Randy Beardy

No. 65
- Position: Offensive guard

Personal information
- Born: April 12, 1994 (age 32)
- Listed height: 6 ft 7 in (2.01 m)
- Listed weight: 290 lb (132 kg)

Career information
- High school: Northern (Sarnia, Ontario)
- University: Windsor (2012–2016)
- CFL draft: 2016: 5th round, 43rd overall pick

Career history
- 2016: Ottawa Redblacks

Awards and highlights
- Grey Cup champion (2016); OUA second-team all-star (2016);

= Randy Beardy =

Canadian football player and coach (born 1994)
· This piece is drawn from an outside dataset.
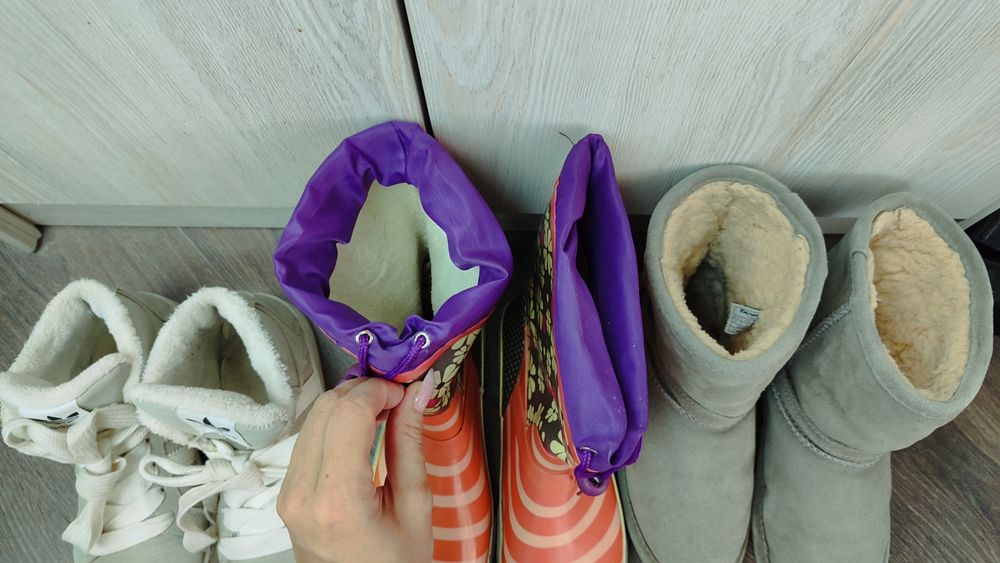 Кампусы, угги, резиновые сапоги, кроссовки, кеды, балетки, туфли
Randy Beardy (born April 12, 1994) is a Canadian former professional football offensive guard who played for the Ottawa Redblacks of the Canadian Football League (CFL). He played CIS football at Windsor.

==Playing career==
Beardy played high school football at Northern Collegiate Institute and Vocational School in Sarnia, Ontario. He first played CIS football for the Windsor Lancers from 2012 to 2015. He played in eight games in 2012, five games in 2013, six games in 2014, and eight games in 2015. Beardy was invited to the East-West Bowl in 2015.
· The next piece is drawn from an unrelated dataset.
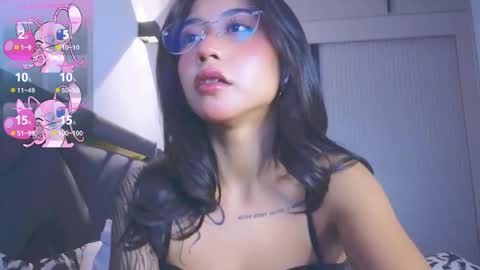 Snapshot of mia_sirenia chatting on November 2025 03:05:02 PM Mia online show from November 2025 03:05:02 PM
Beardy was selected by the Ottawa Redblacks of the Canadian Football League (CFL) in the fifth round, with the 43rd overall pick, of the 2016 CFL draft. However, he was cut before the start of the season and returned to Windsor for a fifth season of CIS football.
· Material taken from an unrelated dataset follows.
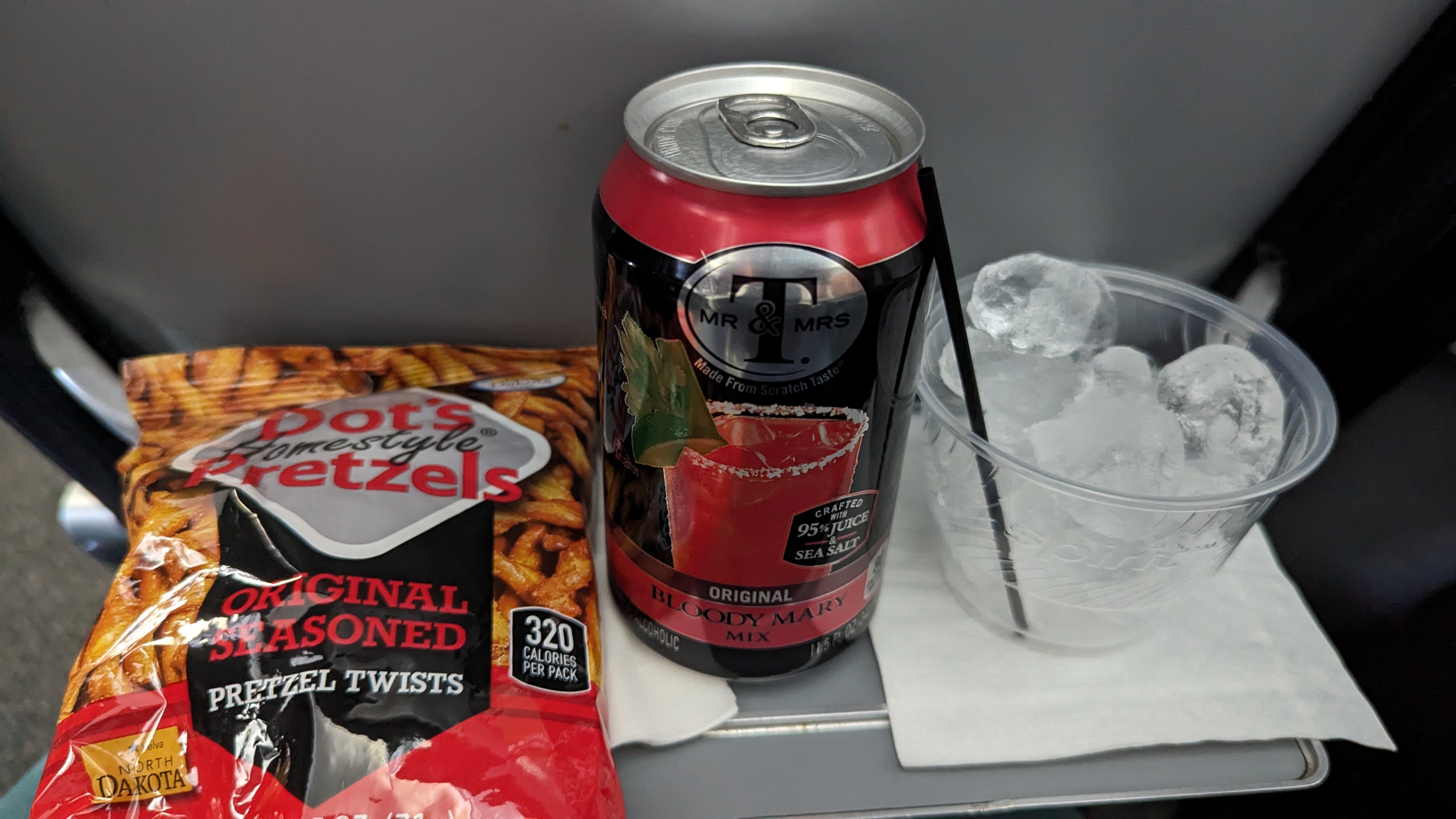 IAH to LAS Spirit Gold status food and beverage IAH to LAS Spirit Gold status food and beverage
Beardy played in seven games during his final season at Windsor and was named an OUA second-team all-star. He then returned to the Redblacks and dressed in one game for the team during the 2016 CFL season. On November 27, 2016, the Redblacks won the 104th Grey Cup against the Calgary Stampeders. He was released on June 18, 2017.

==Coaching career==
Beardy later returned to Windsor as an offensive line coach.